Advertising executives working on automotive accounts like to speculate how they'd build an automotive brand from scratch. And this summer's opportunity to virtually re-launch Infiniti is about as close as they're going to get, said Allyson Witherspoon, Infiniti USA's director of marketing, communications and media.
She joined the luxury car maker's U.S. operations, based in Nashville, in November after stints at Arnold Amsterdam in the Netherlands and other ad agencies.
"If I were to put my former agency hat on, I would probably salivate.... You're always trying to look at what are brands that you can help build, or rebuild, or help evolve. I think [Infiniti] is that," Wittherspoon said in an interview at the New York auto show.
But ad agencies chasing the global Infiniti account, which has been held for a long time by Omnicom Group's TBWA Worldwide, will have their work cut out for them.
Infiniti Motor Co. will celebrate its 25th anniversary in the United States this November. But many consumers still view Infiniti cars and SUV's more like the mass-market models sold by sibling company Nissan than luxury vehicles from industry leaders Mercedes-Benz and BMW.
Even among Japanese luxury brands, Infiniti languishes behind Toyota Motor Corp.'s Lexus, which also debuted in 1989 and Honda Motor Co.'s Acura brand, which launched in 1986. Out of the three, Lexus has been the most successful, holding the nation's luxury sales crown from 2000 to 2010 before dropping behind Mercedes and BMW.
With 31,221 vehicles sold during the first three months of 2014, Infiniti ranked a distant No. 7 in luxury sales, according to the Automotive News Data Center.
During 2013, Infiniti sold 116,445 vehicles. That placed Infiniti No. 8 behind Mercedes-Benz (313,528), BMW (309,280), Lexus (273,847), General Motors' Cadillac (182,543), Acura (165,436) and Volkswagen's fast-rising Audi (158,061). Infiniti's U.S. sales peaked in 2005 with 136,401 vehicles sold.
Infiniti has been trying to distance itself from its "Nissan-Plus" reputation by establishing a new headquarters in Hong Kong to become separate from Nissan Motor and throwing its global ad account up for grabs.
A look at five key things about the Infiniti ad account review:
1. Is the pitch still open?
Maybe. Infiniti has hired search consultant Roth Observatory. But the client hasn't met with agencies yet or drawn up a contenders list, Witherspoon said. While Infiniti is still at the "very beginning" of the process, it expects to pick a single global agency by the end of summer.

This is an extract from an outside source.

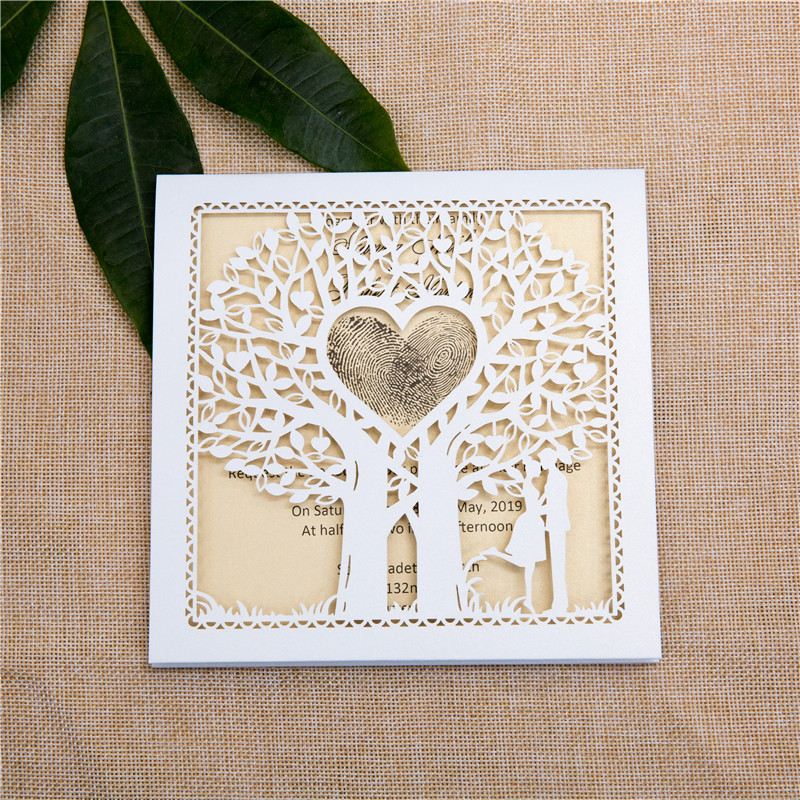 Faire Part de Mariage Romanesque Couple et Arbres WZL0014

When asked how many packages she's received from interested shops, Witherspoon replied: "A lot. And I still continue to get them."
2. Who are the key decision makers?
The review is being led by Vincent Gillet, Infiniti Motor Co.'s Hong Kong-based vice president of marketing. Witherspoon is part of the "core" team running the review. She reports to Michael Bartsch, the former Porsche executive who was named vice president of Infiniti Americas in August.
"It's going to be a global pitch. So we're looking for a global solution," Witherspoon said. "The U.S. is over 70% of total global sales -- so we're obviously looking for what is the right U.S. solution as well."
3. What does the client want?
Forget about Japanese competitors. Infiniti wants to conquest customers who buy European luxury cars. "Our aspirations are to be a Tier One luxury brand. That's to be with the likes of BMW, Audi and Mercedes," said Witherspoon.